In case you don't know, Curiosity is a game about a massive cube that has hundreds of millions of tiny cubes covering the next layer of cubes. Everyone connects to the same server and edits the same cube, making beautiful, massive, and sometimes revolting pictures in the layer. I'd strongly recommend you try out the game because of what makes it truly genius.
The hardest part of designing a game like Curiosity was likely player attachment. How do you get thousands of people to tap millions of cubes every single day? This is where the genius of Curiosity shines through. They took the absolutely monotonous task of tapping tiny cubes and made a system that is extremely exciting and addictive.
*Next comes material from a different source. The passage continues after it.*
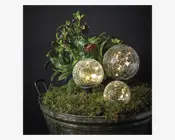Solcelle kugler krakeleret glas sæt 3 stk.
Basically, every cube is worth a point. When you tap several cubes in a row, you get point multipliers (the highest I've gotten is x18). You will lose your multiplier if you 1)wait too long to tap the next cube or 2)tap an empty space. These two mechanics make it so you literally cannot put the game down. Rule 1 makes it so you have to fiercely slide to the nearest cube, and Rule 2 makes it so you can't just spam cubes as fast as you can. There's also a point bonus for clearing every cube off of your IPhone's screen, forcing the players to be even more uniform than they might already be.
Rules 1 & 2 are the most important pieces of the game. They make your heart race when you are only a few hundred points from that last high score but you could lose it by making a single wrong move.
So, what do you guys think? How would you approach designing a game where the player has to do a seemingly monotonous task? Make sure you get the game and try it out yourself, I'm sure you wont regret it.